WORK REQUEST: Could you copy exactly the lines below from the one with "adidas Squadra 25" to the one with "Callaway Elyte Titanium", inclusive, leaving out any pictures?

INPUT DATA:
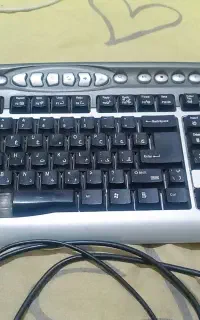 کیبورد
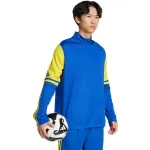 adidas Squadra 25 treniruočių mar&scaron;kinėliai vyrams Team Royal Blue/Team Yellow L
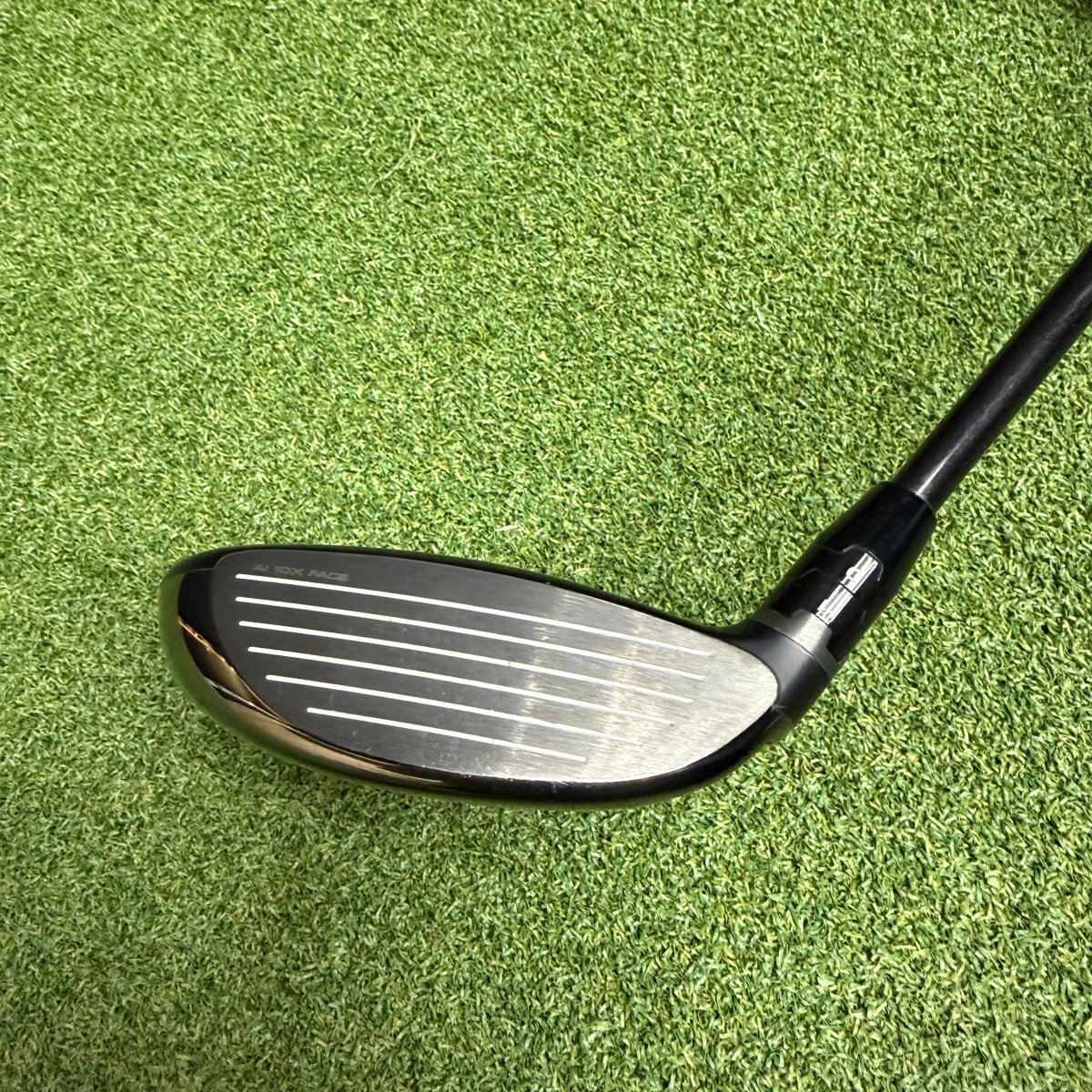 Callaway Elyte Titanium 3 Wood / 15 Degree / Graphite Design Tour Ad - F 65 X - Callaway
---
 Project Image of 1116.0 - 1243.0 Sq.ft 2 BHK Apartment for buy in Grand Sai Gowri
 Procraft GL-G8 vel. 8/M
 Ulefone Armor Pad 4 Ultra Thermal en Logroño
==
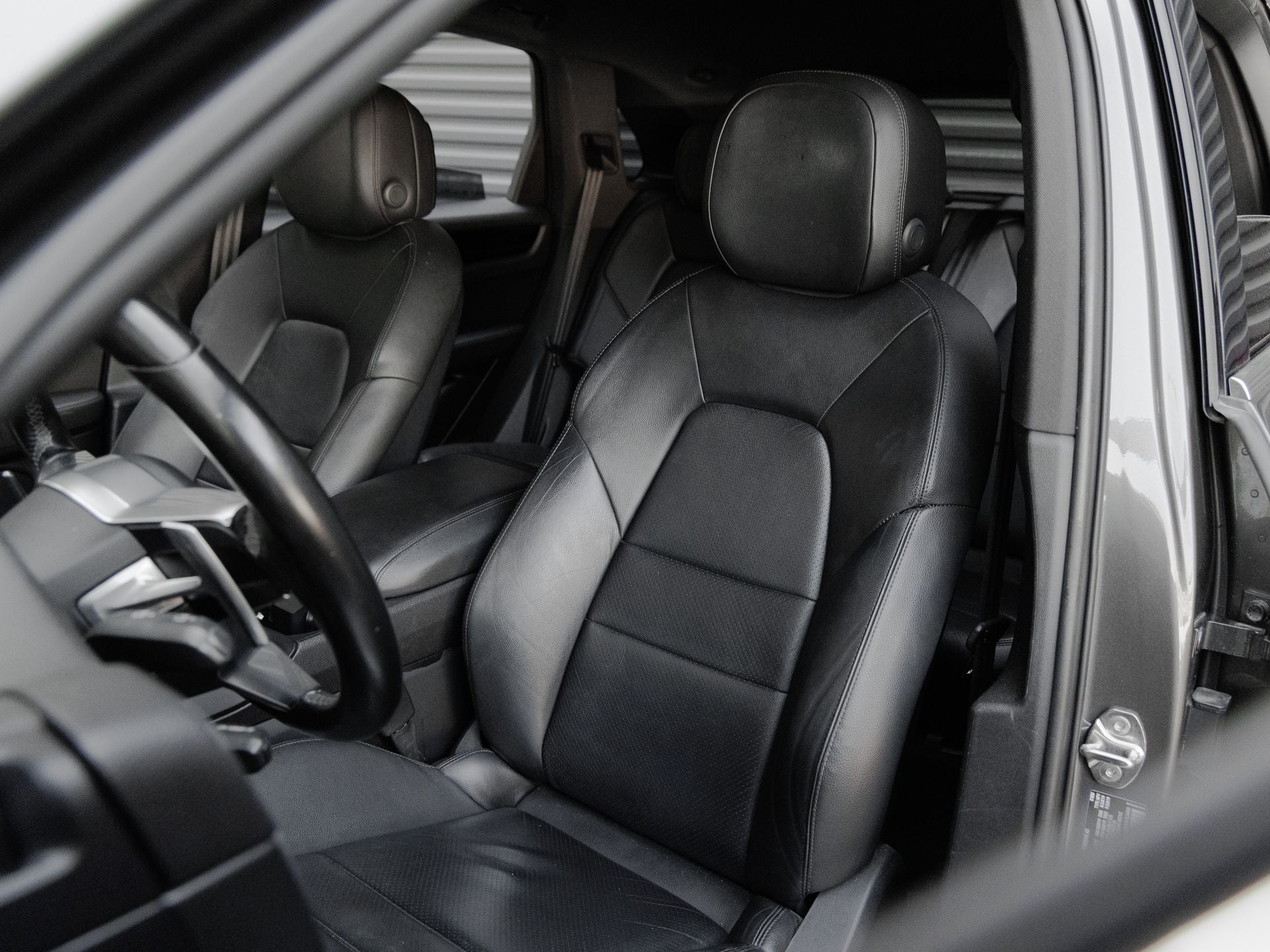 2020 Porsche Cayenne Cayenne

TASK SOLUTION:
 adidas Squadra 25 treniruočių mar&scaron;kinėliai vyrams Team Royal Blue/Team Yellow L
 Callaway Elyte Titanium 3 Wood / 15 Degree / Graphite Design Tour Ad - F 65 X - Callaway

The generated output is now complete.